The 11th Transport Regiment "Flaminia" () is a military logistics regiment of the Italian Army based in Rome. The regiment is operationally assigned to the Army General Staff and provides the necessary transport for the general staff to operate. Like all transport units of the Italian Army the regiment was named for a historic road near its base: in the 11th regiment's case for the Roman road Via Flaminia.

History 
On 1 January 1948 the Army General Staff Maneuver Auto Group was formed in Rome with personnel and materiel of the 21st Special Auto Unit and the Motorcyclists Company. On 1 May 1958 the group was renamed XI Maneuver Auto Group.
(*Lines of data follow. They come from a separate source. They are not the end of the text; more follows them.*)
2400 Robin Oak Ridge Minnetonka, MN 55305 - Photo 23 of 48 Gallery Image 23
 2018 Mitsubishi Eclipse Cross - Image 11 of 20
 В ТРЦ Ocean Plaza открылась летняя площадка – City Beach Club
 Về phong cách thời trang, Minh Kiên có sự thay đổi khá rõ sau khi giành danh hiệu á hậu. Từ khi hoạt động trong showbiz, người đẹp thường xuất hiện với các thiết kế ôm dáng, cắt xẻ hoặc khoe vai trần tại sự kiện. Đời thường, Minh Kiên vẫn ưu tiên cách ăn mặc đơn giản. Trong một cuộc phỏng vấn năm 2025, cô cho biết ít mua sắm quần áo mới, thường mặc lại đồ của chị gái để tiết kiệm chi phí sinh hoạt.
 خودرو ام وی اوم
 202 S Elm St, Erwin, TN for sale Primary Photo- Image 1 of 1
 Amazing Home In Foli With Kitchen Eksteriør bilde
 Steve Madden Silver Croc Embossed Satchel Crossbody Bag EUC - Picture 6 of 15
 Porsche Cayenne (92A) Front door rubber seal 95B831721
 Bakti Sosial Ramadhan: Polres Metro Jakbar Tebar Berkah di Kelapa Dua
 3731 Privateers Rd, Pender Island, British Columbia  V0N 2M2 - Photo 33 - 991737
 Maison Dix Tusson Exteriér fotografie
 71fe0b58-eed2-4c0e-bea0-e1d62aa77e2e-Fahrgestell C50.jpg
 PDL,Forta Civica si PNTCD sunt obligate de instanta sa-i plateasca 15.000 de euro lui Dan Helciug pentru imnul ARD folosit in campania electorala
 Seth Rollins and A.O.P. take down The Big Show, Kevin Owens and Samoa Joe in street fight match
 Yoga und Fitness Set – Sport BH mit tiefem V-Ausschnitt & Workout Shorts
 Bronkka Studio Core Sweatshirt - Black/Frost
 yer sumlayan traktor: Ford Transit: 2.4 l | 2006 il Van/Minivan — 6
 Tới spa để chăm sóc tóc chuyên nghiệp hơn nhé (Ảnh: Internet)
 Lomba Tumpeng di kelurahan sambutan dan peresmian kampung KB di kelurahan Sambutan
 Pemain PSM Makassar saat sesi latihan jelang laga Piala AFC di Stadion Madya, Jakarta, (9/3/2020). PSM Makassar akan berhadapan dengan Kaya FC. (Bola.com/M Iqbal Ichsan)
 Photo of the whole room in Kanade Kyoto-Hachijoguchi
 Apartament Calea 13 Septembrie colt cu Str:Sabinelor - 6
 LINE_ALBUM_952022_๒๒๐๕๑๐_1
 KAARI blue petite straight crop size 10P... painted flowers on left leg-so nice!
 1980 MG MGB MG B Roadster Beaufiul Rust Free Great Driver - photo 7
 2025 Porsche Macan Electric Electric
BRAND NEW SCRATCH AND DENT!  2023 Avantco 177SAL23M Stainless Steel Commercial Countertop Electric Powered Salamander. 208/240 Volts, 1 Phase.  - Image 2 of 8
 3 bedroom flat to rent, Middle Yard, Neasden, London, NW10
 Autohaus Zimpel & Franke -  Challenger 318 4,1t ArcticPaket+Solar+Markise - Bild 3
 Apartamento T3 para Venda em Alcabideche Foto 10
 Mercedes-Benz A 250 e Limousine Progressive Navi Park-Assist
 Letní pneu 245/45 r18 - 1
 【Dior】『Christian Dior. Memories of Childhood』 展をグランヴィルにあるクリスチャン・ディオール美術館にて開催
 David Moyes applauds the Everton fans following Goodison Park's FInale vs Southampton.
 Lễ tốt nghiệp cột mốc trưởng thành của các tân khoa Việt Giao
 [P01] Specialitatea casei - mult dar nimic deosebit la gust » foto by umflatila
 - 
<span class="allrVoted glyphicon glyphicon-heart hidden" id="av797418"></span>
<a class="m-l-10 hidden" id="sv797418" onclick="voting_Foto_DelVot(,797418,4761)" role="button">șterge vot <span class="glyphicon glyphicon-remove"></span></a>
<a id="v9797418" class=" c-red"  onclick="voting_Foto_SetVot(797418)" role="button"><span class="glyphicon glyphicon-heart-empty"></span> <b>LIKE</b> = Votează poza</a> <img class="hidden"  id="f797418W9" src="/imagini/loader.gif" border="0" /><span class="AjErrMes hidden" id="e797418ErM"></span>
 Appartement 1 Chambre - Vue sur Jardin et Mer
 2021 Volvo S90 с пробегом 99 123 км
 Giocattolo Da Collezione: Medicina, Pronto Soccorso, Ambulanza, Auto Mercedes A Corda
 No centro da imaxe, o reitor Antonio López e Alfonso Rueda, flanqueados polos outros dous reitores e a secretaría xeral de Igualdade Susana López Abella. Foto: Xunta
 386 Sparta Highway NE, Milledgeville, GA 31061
During the 1975 army reform the army disbanded the regimental level and newly independent battalions were granted for the first time their own flags. On 1 October 1975 the XI Maneuver Auto Group was renamed 11th Maneuver Auto Group "Flaminia". On 12 November 1976 the President of the Italian Republic Giovanni Leone issued decree 846, which granted the new units their flags.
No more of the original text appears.